Chiral camphorsulfonyloxaziridines proved useful in the syntheses of complex products, such as taxol which is marketed as a chemotherapy agent. Both the Holton Taxol total synthesis and the Wender Taxol total synthesis feature asymmetric α-hydroxylation with camphorsulfonyloxaziridine.

Synthesis

N-H, N-alkyl, N-aryloxaziridines
The two main approaches to synthesis of N-H, N-alkyl, and N-aryloxaziridines are oxidation of imines with peracids (A) and amination of carbonyls (B).
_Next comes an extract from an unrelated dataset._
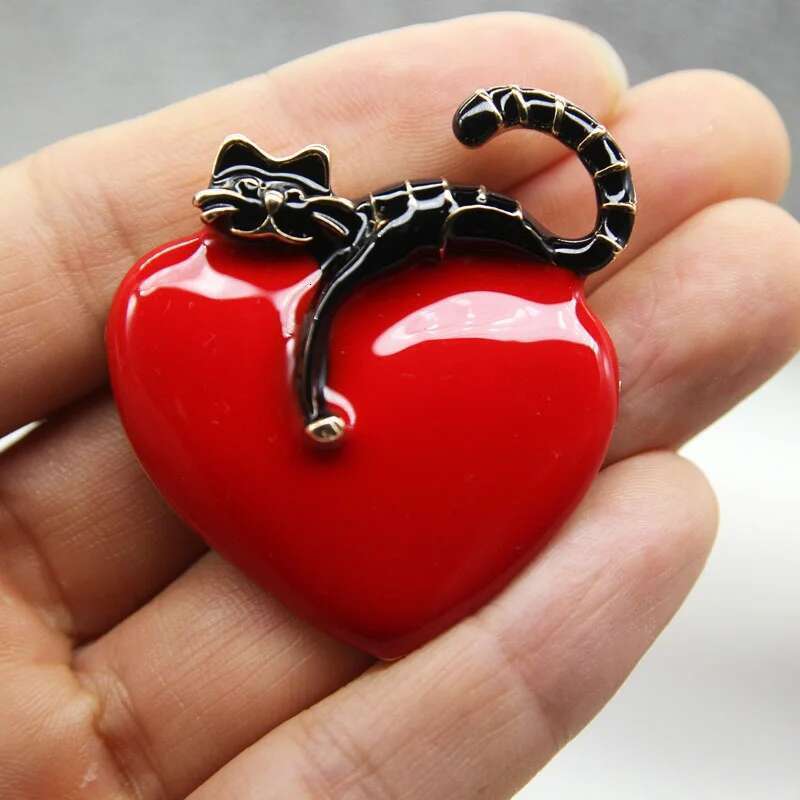 Original Enamel Heart Lazy Cat Pins For Lovers Wedding Jewelry Brooch Christmas New Year Gift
Additionally, oxidation of chiral imines and oxidation of imines with chiral peracids may yield enantiopure oxaziridines. Some oxaziridines have the unique property of configurationally stable nitrogen atoms at room temperature due to an inversion barrier of 100 to 130 kJ/mol. Enantiopure oxaziridines where stereochemistry is entirely due to configurationally stable nitrogen are reported.

N-sulfonyloxaziridines
In the late 1970s and early 1980s Franklin A. Davis synthesized the first N-sulfonyloxaziridines, which act exclusively as oxygen transfer reagents, and are the most predominantly used class of oxaziridines today. While originally synthesized with mCPBA and the phase transfer catalyst benzyltrimethylammonium chloride, an improved synthesis using oxone as the oxidant is now most prevalent.

Many N-sulfonyloxaziridines are used today, each with slightly different properties and reactivity. These reagents are summarized in the table below.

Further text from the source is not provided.